Мне предложили должность ассистента руководителя Фонда солидарности BYSOL – Андрея Стрижака, известного белорусского правозащитника. Фонд занимался помощью уволенным, бастующим, стачкомам, а также помогал с выездом за границу тем, кого преследуют каратели. Каждому уволенному гарантировали помощь в 1500 евро, бастующим – компенсацию всех экономических репрессий, релоканта обеспечивали жильем и средствами на жизнь. Все казалось идеально, хоть и сложно. В тот же день у меня оказались доступы к соцсетям Андрея, Telegram, доступы ко всем соцсетям фонда. Несмотря на обилие работы, я кайфовала, чувствуя себя полезной своим согражданам.


– Ты молодец, так здорово разрулила ситуацию, я успел и на «Україна24» и на «Прямом» интервью дать, – похвалил меня руководитель, когда я решила вопрос с двумя эфирами, которые состыковались друг с другом. Я засияла от счастья, словно августовское солнце.


Шли дни, и вскоре руководители фонда: Андрей Стрижак, основатель компании Deepdee Ярослав Лихачевский и СЕО компании Asterman Александр Подгорный – уехали в Вильнюс. По обрывкам разговоров удалось понять: летят они к избранному президенту Беларуси Светлане Тихановской. Вечером в наш чат в Telegram пришла фотография: смущенная Светлана в кругу руководителей фонда и бело-красно-белый флаг. Я поняла, что горжусь.


Прошла еще неделя: о фонде говорили во множестве изданий, ко мне стучались на интервью с руководителем журналисты Reuters, France24, Gazeta Wyborcza, Би-би-си. Я только успевала разбрасывать встречи по календарю. Сообщений в личке фонда стало все больше – уже достаточному количеству людей требовалась помощь. А в последних числах августа Александр Подгорный собрал всех и сказал:


– Ребята, мы все получили удовольствие от прекрасного города Киева, и настало время получить удовольствие от не менее прекрасного города – Вильнюса. Нам уже готовят офис под штаб, закупают мебель. Помещение будет большое, примерно как здесь.


Вот это да! Вильнюс! Значит, моя мечта познакомиться со Светланой Тихановской сбудется! Я едва не запрыгала от счастья. Несколько дней на сбор документов для виз, подачу на них в литовском консульстве, прощание с Киевом и фото на Майдане с бело-красно-белым флагом. Восьмого сентября наш самолет вылетел из Киева, а уже вечером мы заселились в номера отеля Radisson на проспекте Конституции. Наши комнаты были такими шикарными, что даже двухнедельный карантин не пугал. Все это время я, как королева, заказывала еду в номер, осваивала доставку продуктов, рассматривала в окно старый город и наш офис, фото около которого выкладывала госпожа президент. Нам обещали, что карантин снимут за пару дней, и мы пойдем в офис, однако ничего подобного почему-то не происходило. Спустя десять дней нам разрешили гулять, а 23 сентября – выйти в офис.

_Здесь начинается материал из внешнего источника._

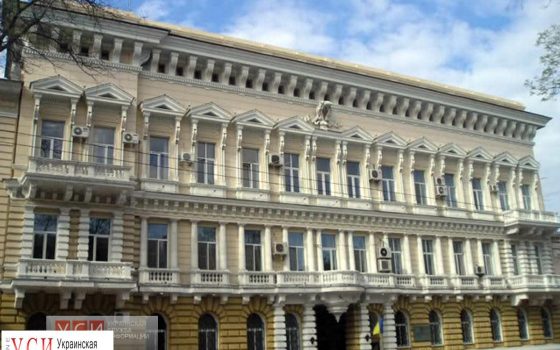 Геращенко: выезд киевских следователей в Одессу “это отчетливый сигнал” для Головина usionline.com Геращенко: выезд киевских следователей в Одессу “это отчетливый сигнал” для Головина «фото»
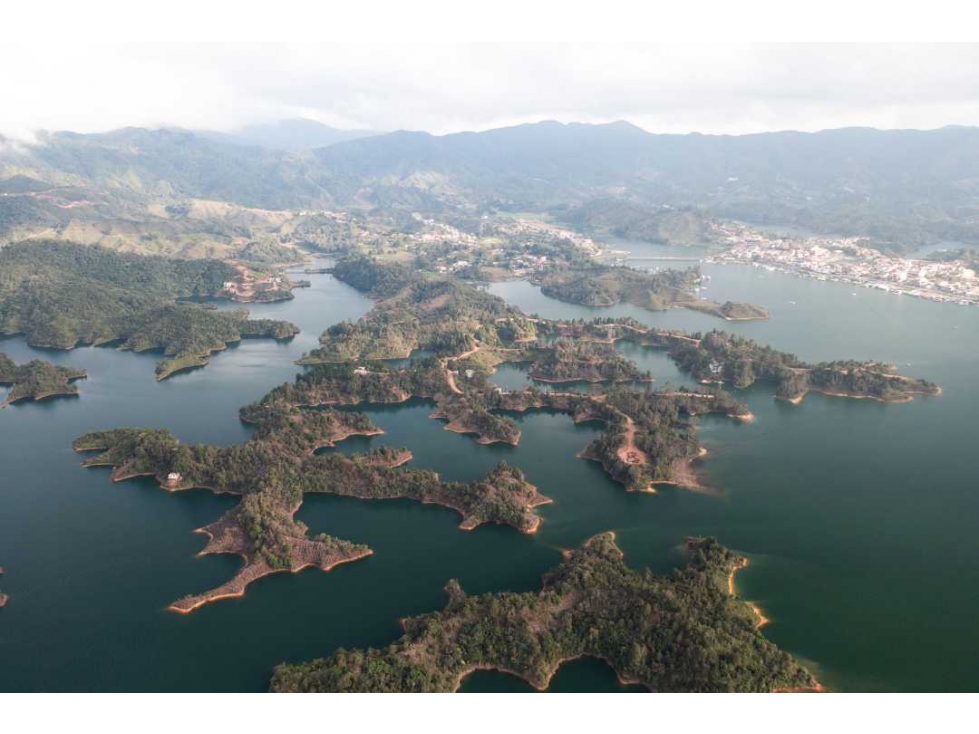 Vendo lote en Guatapé antioquia — foto 3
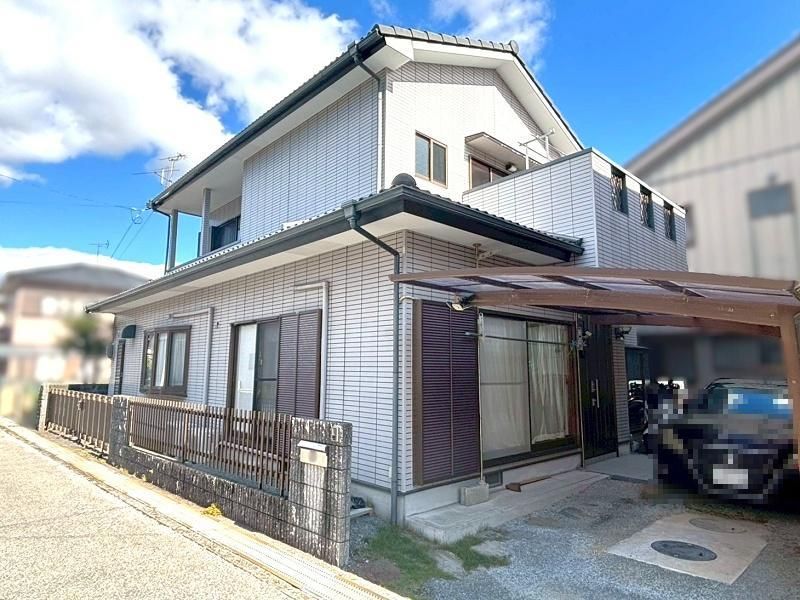 4SLDK House for Sale in Nagahama, Kochi City, 137.55 sqm - Thumbnail 2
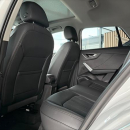 AUDI Q2 Lateral izquierdo 8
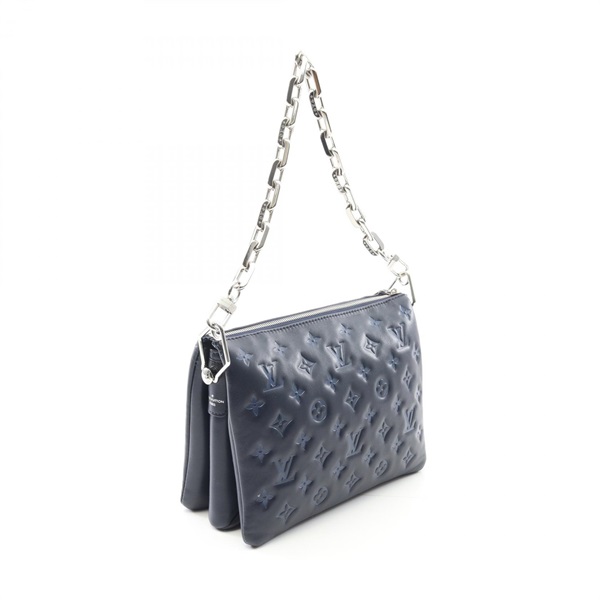 ルイ・ヴィトン(LOUIS VUITTON)ルイ・ヴィトン クッサンPM ショルダー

Меня смутило, что я, хоть и занимала должность ассистента руководителя фонда, была определена на десятый этаж. В пустынном, холодном помещении без кухни, чайника, с запахом недавнего ремонта пока было пару человек. Ярослав, встретивший меня там в первый рабочий день, представил их: моими соседями по столу оказались Мария Мороз, глава объединенного штаба, и Алексей Ероховец, координатор штаба по диаспорам. Мы раззнакомились: так как выборы окончились, Мария больше не была главой штаба, а задумалась над созданием собственного фонда по поддержке волонтерского движения Беларуси. А вскоре к команде присоединилась волонтерка штаба Виктора Бабарико Марина, которая помогла пострадавшему от действий ОМОНа 16-летнему Тимуру покинуть Беларусь.

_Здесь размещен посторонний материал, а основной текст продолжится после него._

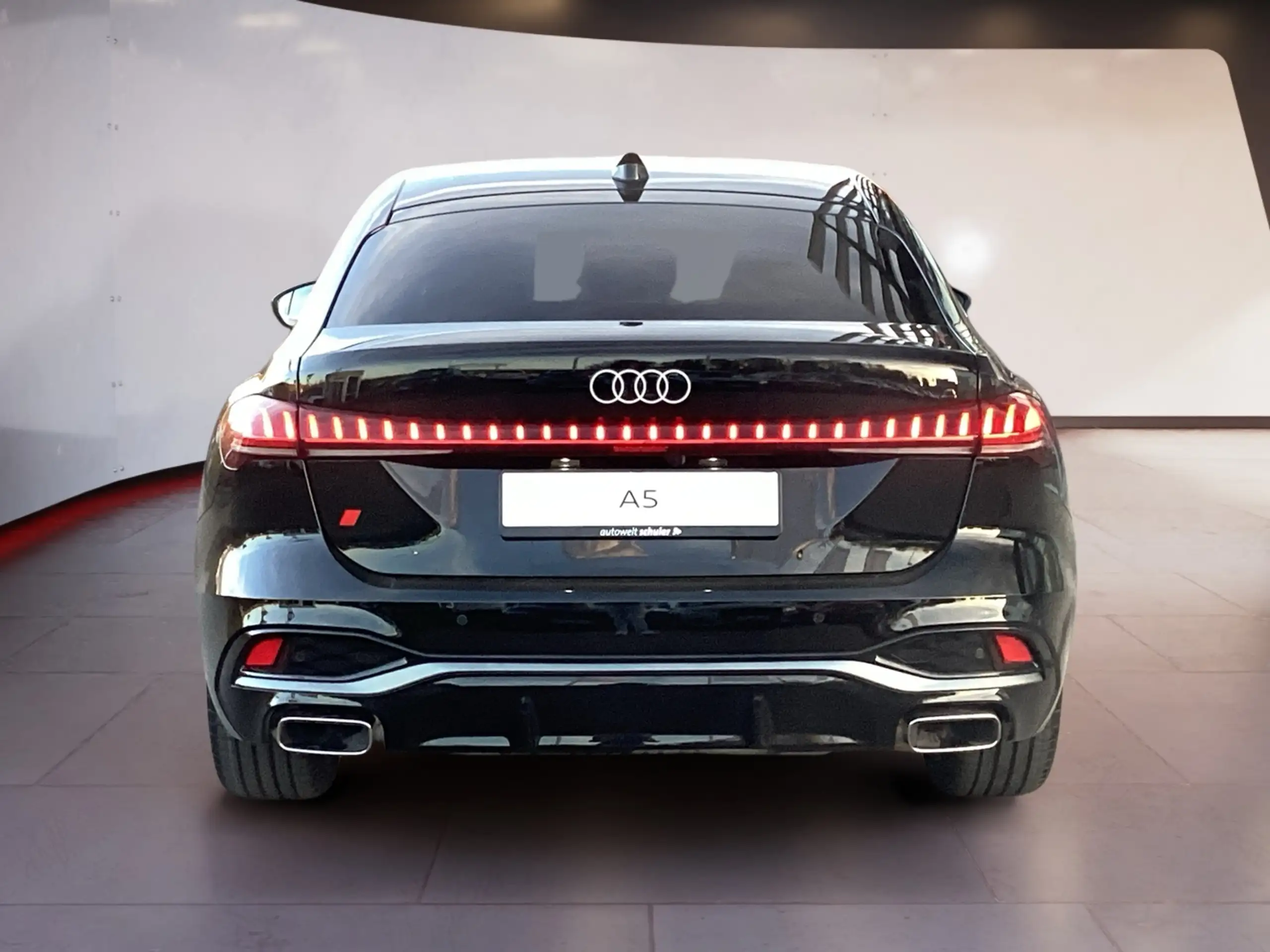 Audi - A5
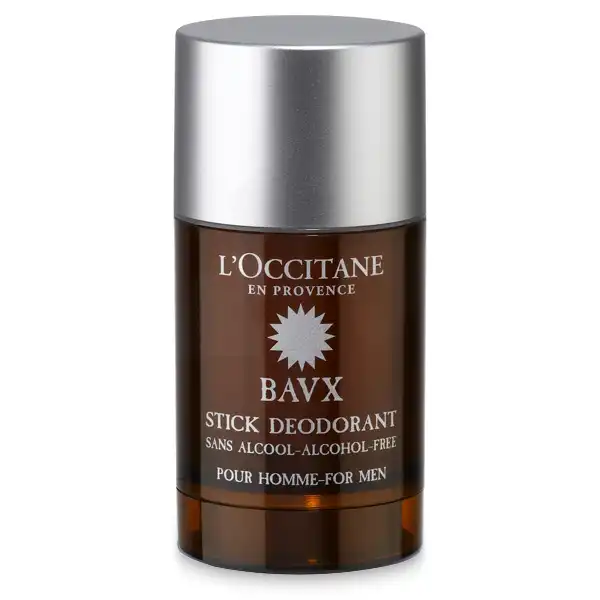 Occitane Homme Baux DÉodorant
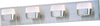 E21134-11SN Bathroom Fixtures-Four Lights - 615784 - Capital Lighting, Inc.
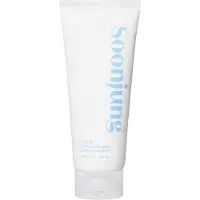 Etude , Soonjung, 5.5 Foam Cleanser, 150ml (5.07fl oz)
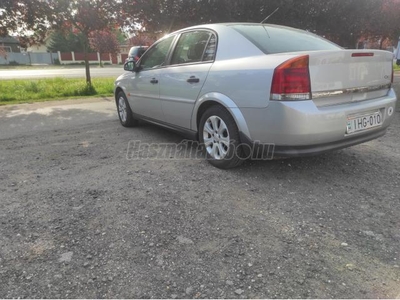 OPEL VECTRA C 1.8 Elegance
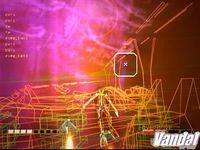 Imagen 23 de Rez para Dreamcast
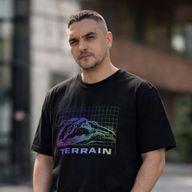 Mykhailo Klimnyk — CTO Trofey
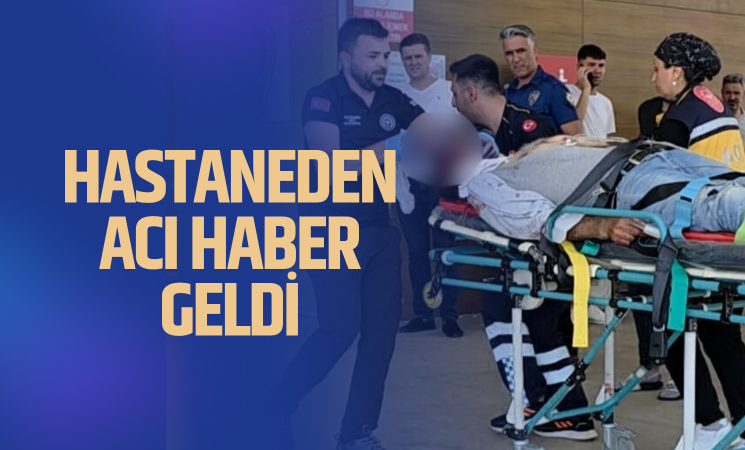 İnegöl'de İnşaattan Düşen İşçi Hayatını Kaybetti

– А почему тем, кто обратился в ваш фонд, нужно ждать выплаты по три недели? А почему вы не верифицируете тех, кто не уволился, но был лишен премий и других преференций? А почему вы живете в Radisson? – спрашивала у меня новая соседка. Я старалась отвечать и сердилась, если мне начинали задавать каверзные вопросы. Но главным было то, что я наконец-то работаю рядом со Светланой Тихановской, пусть и до ее этажа было далеко, а первый раз мы увиделись и вовсе почти через неделю после выхода из карантина. Эта встреча вдохновила меня работать больше и лучше – новые коллеги показались мне прекрасными, искренне желающими жить в свободной Беларуси.

***

Октябрьским воскресным вечером я лежала дома за просмотром детективного сериала. Было поздно, глаза уже слипались, но уж очень хотелось досмотреть последнюю серию. Закрыв ноутбук, я легла спать, но в голове роились мысли: нужно срочно пропиарить Фонд по региональным медиа, чтобы рабочие из областей и райцентров не чувствовали себя брошенными и смело шли бастовать.

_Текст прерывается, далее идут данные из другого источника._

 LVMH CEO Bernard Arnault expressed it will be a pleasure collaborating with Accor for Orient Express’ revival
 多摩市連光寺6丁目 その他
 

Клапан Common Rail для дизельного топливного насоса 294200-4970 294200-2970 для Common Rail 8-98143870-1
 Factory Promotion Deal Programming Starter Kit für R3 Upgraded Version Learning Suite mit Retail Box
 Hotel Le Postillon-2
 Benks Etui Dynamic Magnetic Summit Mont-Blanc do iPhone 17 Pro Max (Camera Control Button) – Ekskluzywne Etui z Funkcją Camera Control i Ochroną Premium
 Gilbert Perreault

«А почему этого никто не сделал раньше? Ведь фонд существует уже два месяца, – зародились внутри сомнения. – И почему о нем столько писали в зарубежной прессе?». В голове одно за другим всплывали воспоминания: вот Мария рассказывает Алексею о том, что Ярослав Лихачевский высказался против создания ее фонда, вот Светлана вбегает на десятый этаж с возмущениями на тему не согласованного с ней Народного Ультиматума, которые я слышу даже через музыку в наушниках. А вот на планерке накануне рассказывали о том, что Координационный совет Беларуси недоволен деятельностью BYSOL. На ум пришли другие события: скандал с общественным объединением Dapamoga и его основательницей Наталия Колегова, которых BYSOL обвинил в коррупции, релокационная помощь соседке Марине, выплаченная только после того как Мария Мороз сделала фонду замечание, отель с ценами от 60 евро за ночь, за который мы не платили…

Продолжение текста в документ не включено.